Verdiği ifadelerden öğrenildiğine göre, geliştirdiği aidiyet duygusu o denli derin ki, “oyun bittiğinde” içinde ciddi bir boşluk hissetmiş. Kendini asla Yahudi düşmanı olarak tanımlanıyor. Hatta annesinin ailesinde Yahudilerin bulunduğunu, kendilerine çok sempati ile baktığını bile ifade ediyor. Hele Siyonistlerin kişiliğinde, “Yahudi geleceğine kalıcı çözüm bulmaya çalışan insanlar” bulduğunu ve onları kendisine yakın hissettiğini söylüyor…
Sorgusu esnasında Herzl’i okuduğunu ve etkilendiğini belirtiyor. Buradan hareketle, kendisini aklını meşgul eden Yahudi sorununa çözüm arama yolculuğunda bulduğunu söylüyor. Savunmasından bir alıntı ile, “Yahudilerin üzerinde duracakları sağlam bir zemin hazırlamak” istiyor aslında. Bu arayışın, Hitler’in Yahudilerin imhasını emretmesi ile değişik bir hal aldığını da ekliyor. Wansee’de başlayan süreç önceleri kendisini dehşete düşürüyor… Ancak daha sonra, dönen çarkın içinde, yaşananlara ve yaşanacaklara tutarlı bir hikaye buluyor. “Führer’in iradesi mevcut yasal düzenin merkezidir…” diyor… Dolayısı ile bunu sorgulamak mümkün değildir.
Düşünür Hannah Arendt’in, Eichmann davasını konu aldığı ‘Kötülüğün Sıradanlığı’ adlı kitabında yaptığı çarpıcı bir tespiti paylaşmadan geçmek olmaz.

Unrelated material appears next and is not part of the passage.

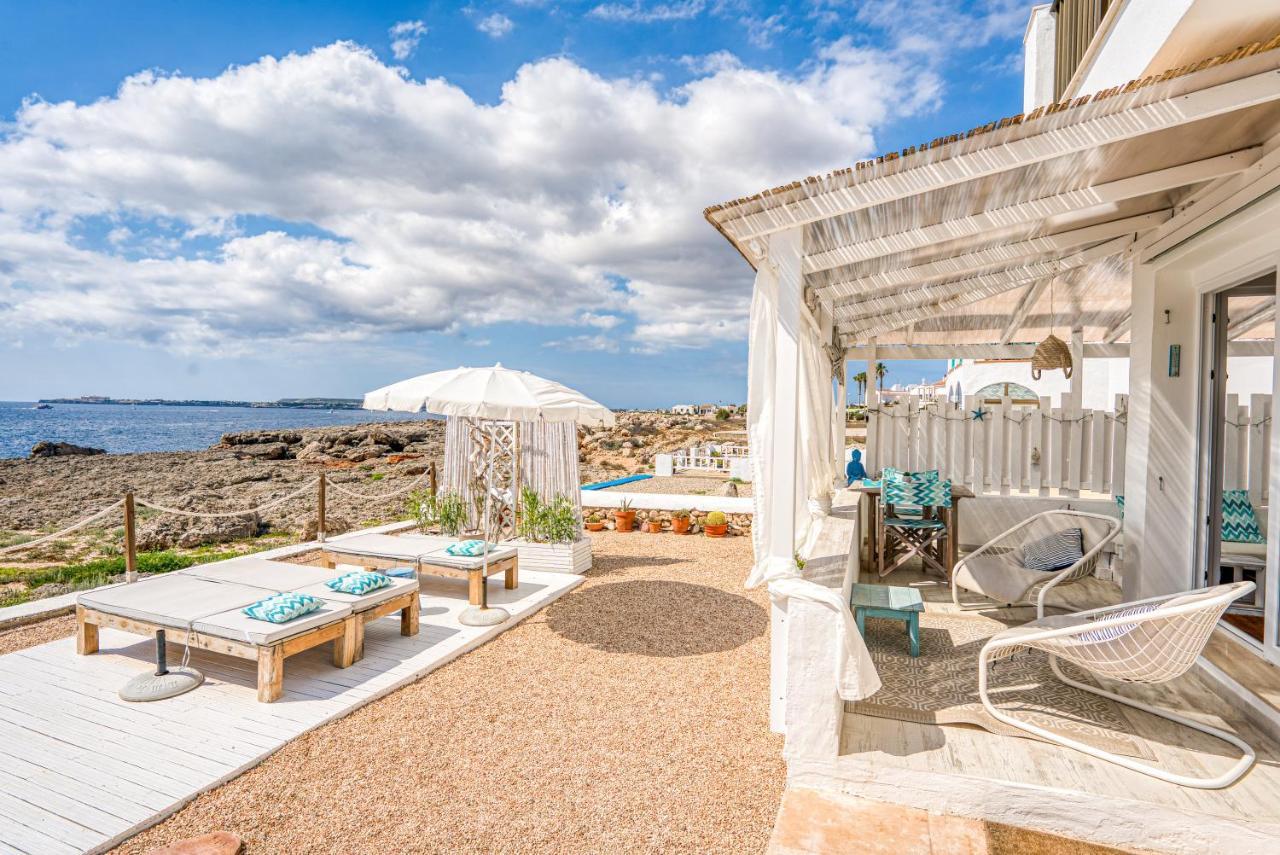 Mar I Vent Apartamento Cala Blanca  Exterior foto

Arendt, adım adım incelediği, Yahudilerin sürülmeleri ile başlayan, toplanmaları ile devam eden ve sonunda yok edilmelerine dek uzanan dönemi mercek altına alıyor… Ve insanın nasıl canavarlaşabileceğini, uzun yıllar iç içe yaşadığı ancak zamanla ötekileştirdiklerine nasıl artan bir zulüm tattırabileceğini – tıpkı olayların o zaman geliştiği şekli ile – sıradanlaştırılmış bir şekilde yayıyor masanın üzerine…

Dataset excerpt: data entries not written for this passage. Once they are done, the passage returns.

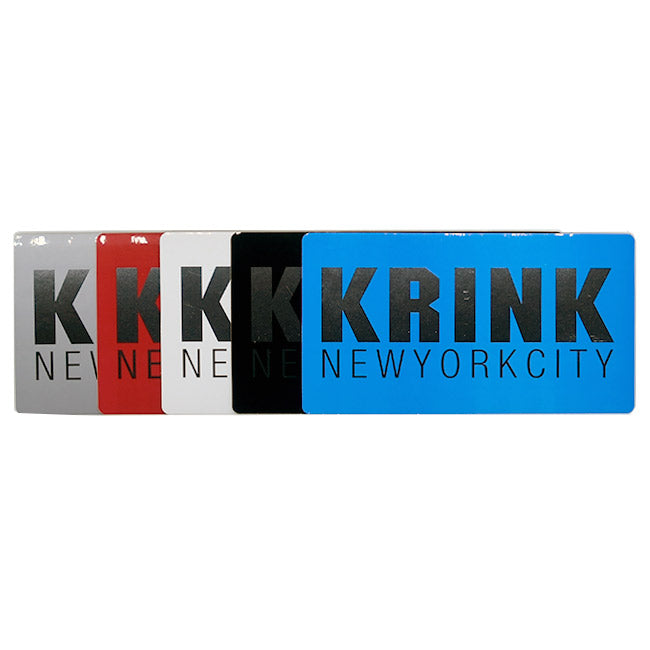 Logo Sticker Pack
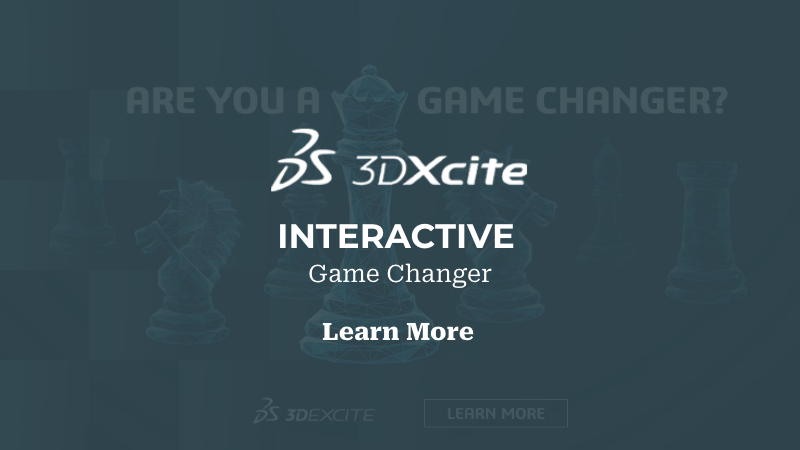 DS Game Changer Interactive Experience Image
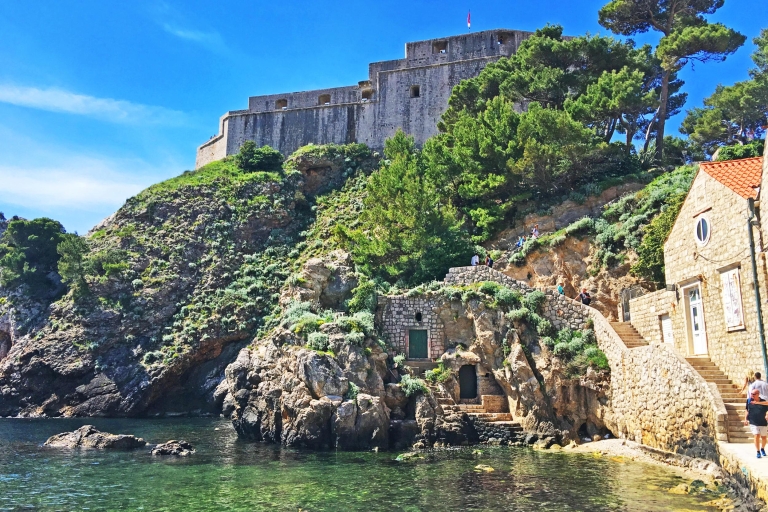 Dubrovnik: 2-Hour Game of Thrones Walking Tour Tour in German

Soykırımın bir oyunmuş gibi algılandığına ve Nazilerin olayı kendi aralarında adeta bir komediye indirgediklerine tanık olunuyor, davada. Bu tüyler ürpertici gelişme zaten kitabın başlığını oluşturuyor… ‘Kötülüğün Sıradanlığı…’ Kanıksanmış bir katliam… Yahudi isminin basit bir rakamlar zincirine mahkum edildiği bir ortam… Alışılmışların tekrarlandığı, her tekrarda binlerce insanın yaşamdan koparıldığı bir oyun.
Hukuksuz bir dönemi adalet terazisinde değerlendirmek zordur. 1935’in ırkçı kanunları çerçevesinde Yahudilerin toplumdan tecrit edilmeleri, her açıdan kısıtlanmaları, zoraki alıkonmaları, hukuk tarafından meşru sayılan bir durum haline getirilmişti.
Sessizlik, tekdüze düşüncenin toplumdaki egemenliği, siyasi rejimin Yahudi düşmanlığını halka “Ari ırkın tek varoluş ilkesi” olarak dayatması ile, zamandan ve mekandan bağımsız görülegelen antisemitizmin toptan yok etme seviyesine evrilmesi kaçınılmaz bir süreci tetikler.
Özgürlükle el ele seyreden adalet için, üzerinde tahrifat yapılmamış hukuk için, yaşanan, Yahudilerin ve benzer nefretle yok edilen milyonların nesne oldukları, bir insanlık suçudur. Unutulmamalıdır ki, Adolf’lar her zaman ortaya çıkabilir, benzer olaylar her zaman yaşanabilir.